Thursday, 18 March 2010
Father Ignatius in hell.
The first thing Father Ignatius noticed as he entered hell is the total and absolute darkness of the place. Not the faintest glimmer of light shone in that bottomless abyss of intense void.
He tried hard to peer into the pitch-black darkness to make out something, but it was totally in vain. He could see nothing. Totally and completely nothing.
It was then that he noticed the full and utter silence which accompanied the extreme blackness of this place. Not a sound whatsoever. It was as if he had gone suddenly deaf. He rubbed his fingers in his ears and concentrated hard but silence reigned supreme. He clapped his hands together but heard nothing. He spoke to himself and could not hear his own voice.
Darkness and silence had partnered together and negated all the senses as he knew them. He could not smell anything whatsoever. No burning fires and brimstone, or the acrid smell of sulfur he’d expected in this place. He could feel no burning sensation and pain. No cries of help or gnashing of teeth.
In other words; hell was nothing.
Hell was a total void of everything physical as he’d experienced in his previous life.
Yet in this pure nothingness he felt a very powerful and intense feeling of extreme sadness. An overwhelming grief leading to desolation and desperation tormented his very soul.
A continuous sensation of sorrow and anguish filled the emptiness which was hell.

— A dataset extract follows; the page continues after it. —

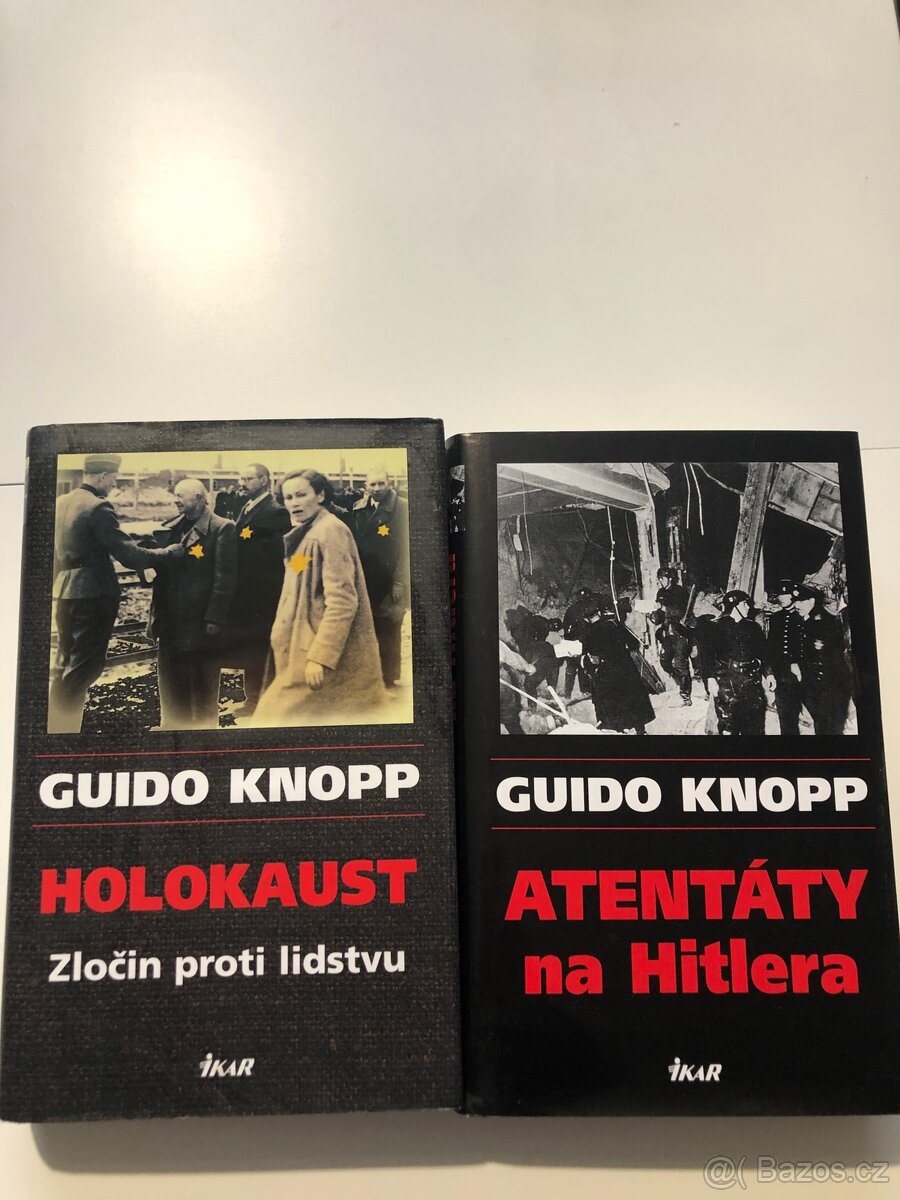 9 dílů od autora GUIDO KNOPP - 4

He sensed another soul there too. He could not make out who or where it was but it was there, somehow, sharing the void with him.
He felt a telepathic communication with this spirit in similar torment. Not in words, not in images, but in a mutual empathic sensation, as if the two were one.
He shared that soul’s torment which had lasted for … … … an eternity.
There seemed to be no beginning as to when that soul arrived in this eternal void, nor any prospect of when its terrible terrible suffering would end. The total and perfect hopelessness of this state of nothingness, this state of wretched emptiness, engulfed the forgotten soul consumed by its everlasting regrets.
For this lost soul constantly and interminably viewed and reviewed over and again its past life on earth; filled with memories best forgotten yet brought to mind with no respite. The inner pain from such memories tortured this forgotten soul left here all alone.
Father Ignatius shared with this soul the deep desire to weep bitterly for its past mistakes and its present solitary ordeal. But this was not possible, for there are no tears in hell. No matter how strong the desire to cry in profound regret, and so gain some temporary relief, this was not possible in a state of void. So the pain, sorrow and sadness built up within one’s soul and consumed it eternally from within; with no respite whatsoever.
And what is worse, is that the soul’s constant feelings of regret were persistently underlined by another sensation.
For it knew with unshakable certainty of the existence of God.
This tormented soul had been given, on entering hell, undoubted and unquestionable proof that God indeed exists. And somehow, it had witnessed His immeasurable and overwhelming love for His creations.
Yet the soul also knew, without a doubt, that for an interminable eternity, it would be totally excluded from that Fatherly, Divine love.
Father Ignatius realized that hell consisted of complete isolation with ones thoughts and regrets, and the sure knowledge that there will never be an end in sight. No light at the end of the tunnel. For there is no tunnel.
A permanent state of inner pain and sorrow, coupled with the knowledge that God’s love is for ever out of reach.
“What a terrible state of despair and hopelessness” thought Father Ignatius, “to know for certain that God exists; and to know of His love for us; yet to be excluded from that perfect love for ever. To remain here, in a state of total void, filled with past memories and regrets for deeds long past. Alone, in permanent thoughts of total and infinite exclusion!”
Father Ignatius woke up suddenly from his turbulent dream.
It was then that he heard in his head, clear as a bell, the words: “Go and warn all you get to meet not to come to this place!”